Getting pregnant has affected all aspects of her life. Before her pregnancy, Reyes said she was unhappy, was “all over the place” and partied a lot, but now she says that her thoughts and life are more focused. Before acting, she asks herself, “What am I going to do that is going to benefit my baby?” She has become more conscious of her exercise and eating habits; “no more chips and spicy food.” She also said that she makes a conscious effort to walk a lot and drink a lot of water.
Reyes is not alone among her group of friends. “Most of my friends, yeah they’ve become pregnant and stuff like that,” she said.
Dr. Melissa Gilliam is chief of family planning and a professor at the University of Chicago Medical Center. She focuses on the use of contraceptives among teens who are at-risk for unintended pregnancies. She has led several studies of pregnancy in Latina teens in Little Village and Pilsen. In 2007, she conducted a study about the factors influencing Mexican-American teens to start having sex. She studied 271 Mexican-American teens and young adults on Chicago’s West Side.
Gilliam said girls whose parents instilled in them a strong sense of self and encouraged them to pursue an education and a career were less likely to get pregnant at an early age. And conversely, she said, of those who didn’t look to the future, “We know that people who have plans for the next six months are less likely to get pregnant,” she said.
Gilliam said adolescents in general are less likely to use birth control as a form of contraception at the start of sexual activity. “Among adolescents, they seek birth control – on average – nine months after initiating sexual activity,” she said. But in the Latino community, especially with teens whose parents immigrated to the United States recently, contraception is still a taboo topic. While condoms and birth control may be available to them, Gilliam said that, “premeditated sexual activity was really considered bad.” By bringing a condom with them, girls could be called a “slut,” she said.
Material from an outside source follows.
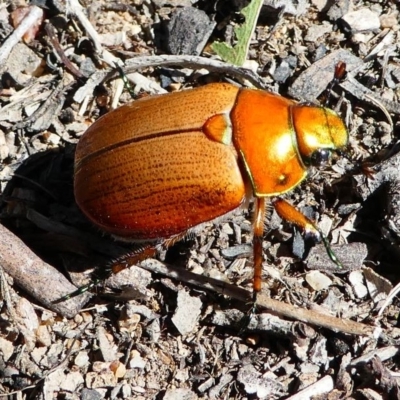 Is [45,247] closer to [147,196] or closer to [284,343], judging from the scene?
[147,196]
The perceived benefits of pregnancy
In the state of Illinois, if a woman – or teen – is pregnant, she qualifies for Medicaid “with very few exceptions,” Greeley said, noting that in the seven years she has worked at the health center, only once did she come across a case where a woman didn’t qualify. Along with Medicaid comes other services previously unavailable to these girls, and Greeley speculates the added attention and care are contributing factors to the high teen pregnancy rate.
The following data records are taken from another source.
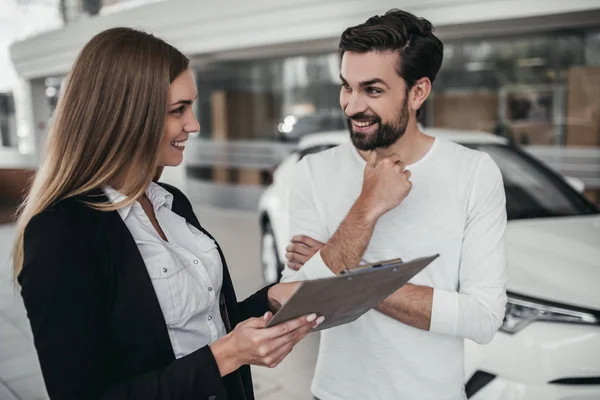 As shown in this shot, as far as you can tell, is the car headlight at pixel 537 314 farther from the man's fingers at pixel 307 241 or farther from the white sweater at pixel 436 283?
the man's fingers at pixel 307 241

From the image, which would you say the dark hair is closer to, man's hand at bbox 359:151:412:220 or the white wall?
man's hand at bbox 359:151:412:220

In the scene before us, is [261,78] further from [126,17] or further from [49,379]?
[49,379]

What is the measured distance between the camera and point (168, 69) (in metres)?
1.25

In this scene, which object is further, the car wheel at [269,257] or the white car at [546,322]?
the car wheel at [269,257]

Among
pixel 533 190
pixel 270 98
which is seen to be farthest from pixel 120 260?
pixel 270 98

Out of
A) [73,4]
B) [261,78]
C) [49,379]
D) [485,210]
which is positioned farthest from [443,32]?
[73,4]

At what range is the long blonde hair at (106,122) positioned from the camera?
1179 mm

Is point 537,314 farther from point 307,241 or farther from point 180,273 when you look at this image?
point 180,273

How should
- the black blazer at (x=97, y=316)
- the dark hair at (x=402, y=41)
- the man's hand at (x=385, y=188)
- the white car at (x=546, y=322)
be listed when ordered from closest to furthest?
1. the black blazer at (x=97, y=316)
2. the man's hand at (x=385, y=188)
3. the dark hair at (x=402, y=41)
4. the white car at (x=546, y=322)

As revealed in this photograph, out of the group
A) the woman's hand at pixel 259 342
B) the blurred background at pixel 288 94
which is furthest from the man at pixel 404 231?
the blurred background at pixel 288 94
“You can get a lot more services when you’re pregnant than when you’re not. You get WIC (Women Infant Child), you get a Medicaid card, you get in support groups, you get a lot of attention,” she said.
WIC is a federally funded health and nutrition program for pregnant women and new mothers and their children.
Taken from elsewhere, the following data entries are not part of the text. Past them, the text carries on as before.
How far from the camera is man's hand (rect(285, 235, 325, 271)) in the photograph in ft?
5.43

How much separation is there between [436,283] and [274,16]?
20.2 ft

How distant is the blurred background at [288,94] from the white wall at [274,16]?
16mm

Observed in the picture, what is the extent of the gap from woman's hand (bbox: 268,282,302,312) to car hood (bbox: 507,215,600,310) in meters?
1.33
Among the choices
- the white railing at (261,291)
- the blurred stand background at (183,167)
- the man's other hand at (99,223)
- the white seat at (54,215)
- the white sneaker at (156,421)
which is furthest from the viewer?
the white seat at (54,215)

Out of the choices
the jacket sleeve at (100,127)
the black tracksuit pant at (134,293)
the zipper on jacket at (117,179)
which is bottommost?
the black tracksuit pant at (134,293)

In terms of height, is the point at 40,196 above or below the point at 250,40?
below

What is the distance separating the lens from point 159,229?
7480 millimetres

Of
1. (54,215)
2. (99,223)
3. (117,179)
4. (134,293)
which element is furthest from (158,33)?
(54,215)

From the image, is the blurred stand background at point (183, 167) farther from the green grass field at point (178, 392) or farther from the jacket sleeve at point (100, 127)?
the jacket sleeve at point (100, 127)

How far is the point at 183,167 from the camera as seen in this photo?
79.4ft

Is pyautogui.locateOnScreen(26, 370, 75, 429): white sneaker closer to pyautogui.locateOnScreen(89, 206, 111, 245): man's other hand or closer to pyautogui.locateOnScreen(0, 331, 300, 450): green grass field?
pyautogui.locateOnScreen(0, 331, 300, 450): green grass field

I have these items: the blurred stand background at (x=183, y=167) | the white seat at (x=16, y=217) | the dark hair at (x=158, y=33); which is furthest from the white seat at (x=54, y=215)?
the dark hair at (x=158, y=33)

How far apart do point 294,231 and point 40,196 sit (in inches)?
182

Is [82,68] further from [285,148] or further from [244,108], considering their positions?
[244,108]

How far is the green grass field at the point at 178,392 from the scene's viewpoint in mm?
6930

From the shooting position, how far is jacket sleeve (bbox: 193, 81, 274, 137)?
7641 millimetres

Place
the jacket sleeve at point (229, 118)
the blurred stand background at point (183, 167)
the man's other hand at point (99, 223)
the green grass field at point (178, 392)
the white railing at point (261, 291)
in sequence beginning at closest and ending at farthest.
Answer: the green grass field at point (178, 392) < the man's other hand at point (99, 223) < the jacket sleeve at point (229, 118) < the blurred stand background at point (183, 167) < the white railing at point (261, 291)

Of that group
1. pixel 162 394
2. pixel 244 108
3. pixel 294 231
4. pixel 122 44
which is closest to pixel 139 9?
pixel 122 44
Sara Anderson, a social worker with Chicago Childcare Society, works at Farragut. “There are a number of students who plan their pregnancies,” she said. They’ve been with their boyfriends for a couple of years and, “its just kind of the next step in their minds,” she said. “Even if they [the girls] say it wasn’t planned, they weren’t using any form of contraception. They may not want to come out and say it was planned, but it wasn’t necessarily unplanned,” Anderson said. “And usually they are very excited about it.”